A January cold snap in southwestern Idaho killed some vines down to the ground and vintners say the state's 2013 winegrape haul will be lighter as a result. However, with harvest mostly finished up, they like the quality of the grapes they've seen.

CALDWELL, Idaho — Idaho’s wine grape haul will be much lighter this year but, with harvest mostly wrapped up, vintners like the quality of the fruit they’ve seen.

“The fruit is a higher quality this year, which means we will have higher quality wines,” said Williamson Orchards and Vineyards Manager Patrick Williamson. “While we aren’t necessarily thrilled with a lower tonnage per acre, when the fruit is this good we will gladly take the trade-off.”
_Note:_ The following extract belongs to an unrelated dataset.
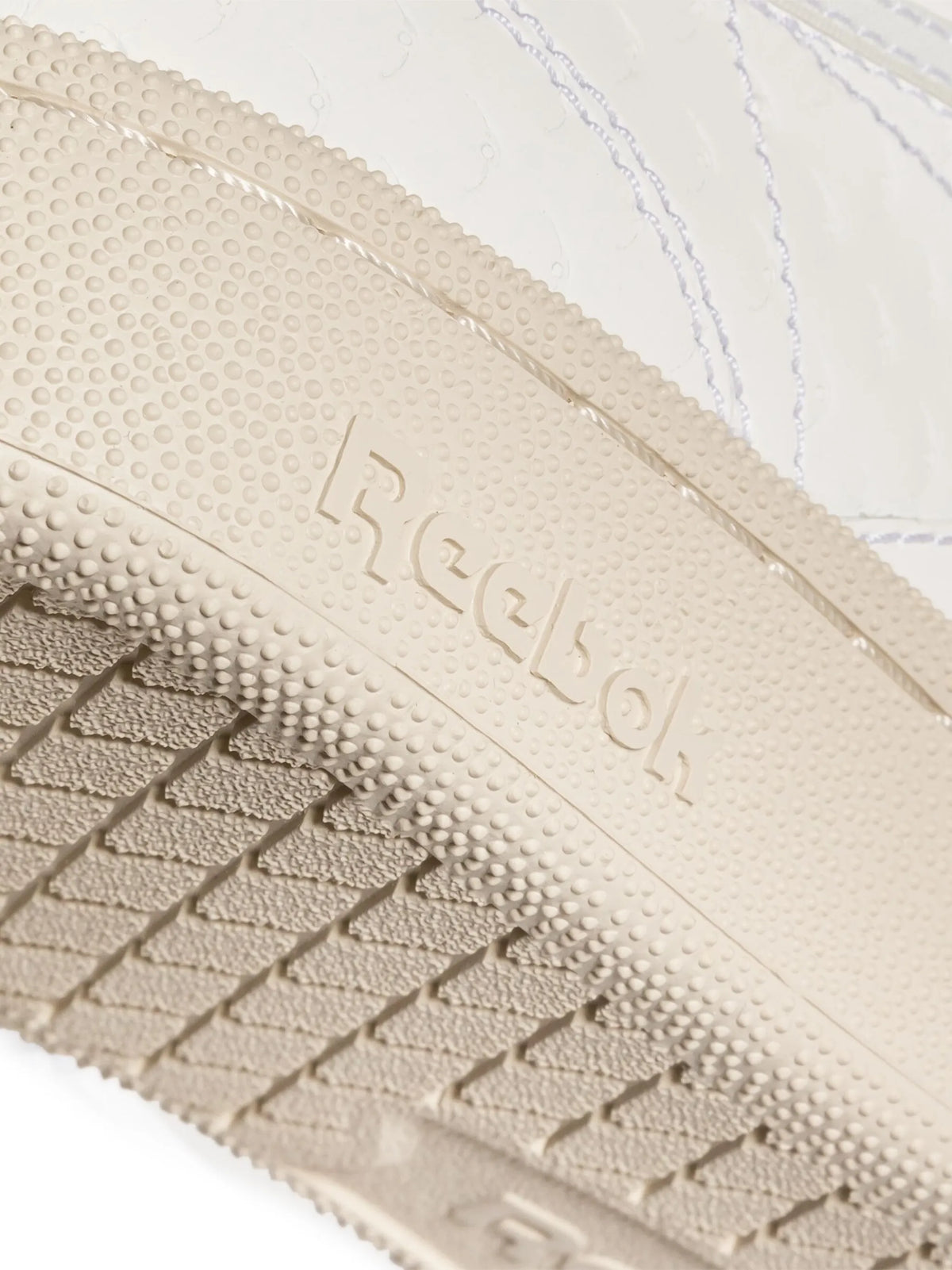 Club C embossed leather sneakers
Idaho’s 1,600 vineyards yield about 2,800 tons of wine grapes each year and the state’s 50 wineries produce an average of 183,000 12-bottle cases.

Most Idaho wineries began harvesting in mid-September and wrapped up about mid-October. Only some late-season varieties and ice wines have yet to be harvested.
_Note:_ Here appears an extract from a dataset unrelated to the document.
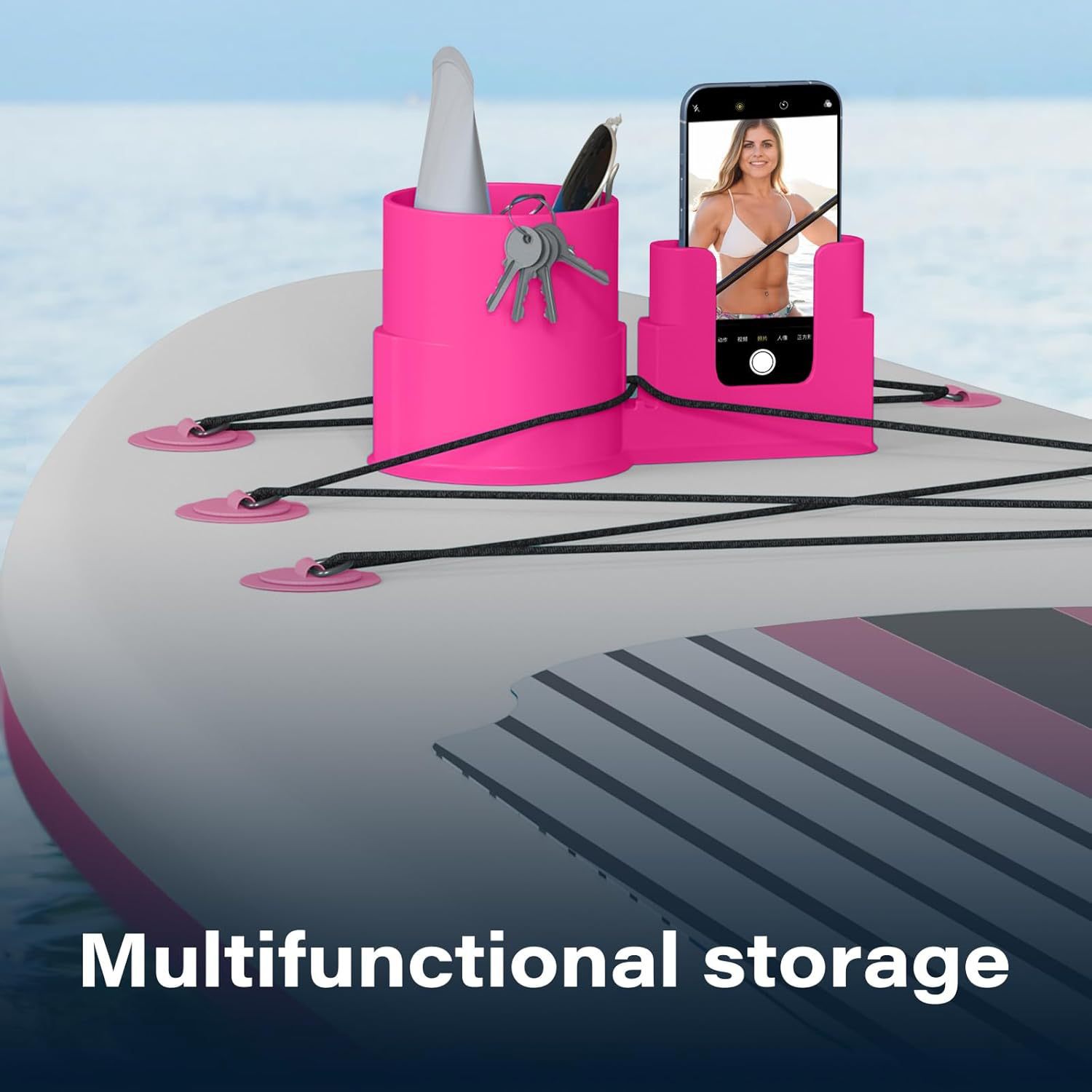 Kayak Drink Holder Surfboard K - đánh giá và giá Jump Rope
Wine growers said the smaller-than-normal wine grape haul in 2013 is due mostly to unusually cold January temperatures that killed some vines down to the ground.
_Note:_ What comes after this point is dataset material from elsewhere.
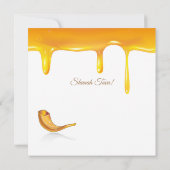 Happy Rosh Hashanah Jewish New Year Greeting Kaart (Achterkant)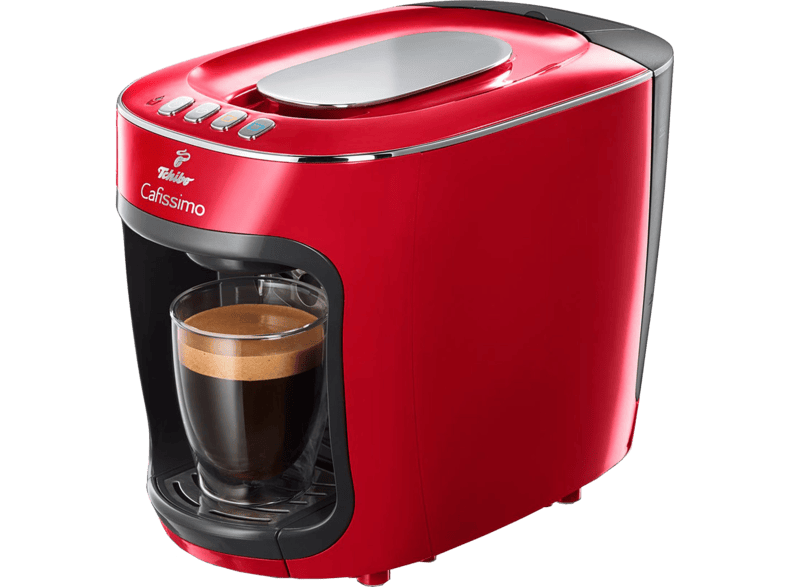 TCHIBO Cafissimo mini Salsa Red TCHIBO Cafissimo mini Salsa Red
Quite a few vineyards harvested nothing because of the cold damage, said Skyline Vineyards Manager Dale Jeffers.

“Because of winter injury, a lot of grape plants produced zero,” he said. “The whole industry saw a lot of that. There’s definitely a lighter load.”

Winemaker Martin Fujishin said total yield statewide could be off by as much as 20 percent.

“There is definitely an overall lower crop yield statewide,” said Fujishin, who teaches viticulture at Treasure Valley Community College. “I think most of the damage probably occurred … from the winter cold we had.”

While the 2013 crop will be below normal, vintners said the quality of the grapes that were harvested is exceptional. Martin said conventional wisdom is that if yields are lower, more of the plant’s resources are devoted to the remaining grapes.

Idaho Wine Commission Executive Director Moya Shatz-Dolsby said nature caused yields to be lighter but for the flavors to be more concentrated.

“We’ll have a little bit smaller crop — it might be off 10 percent overall — but it’s turned out extremely nice,” said Bitner Vineyards owner Ron Bitner. “I think it’s going to make some nice wines for us this year.”

“This year’s harvest was not for the faint-hearted,” said Coiled Wines Winemaker Leslie Preston. But, she added, “I have no doubt that this year’s wine will … be some of the best wine Idaho has seen to date.”

Extremely hot summer temperatures didn’t hurt the grapes and helped offset unusually cold early fall temperatures, said Shatz-Dolsby.

Bitner said the dry, hot summer kept mildew and bug pressure low and he sprayed less than he has in years as a result.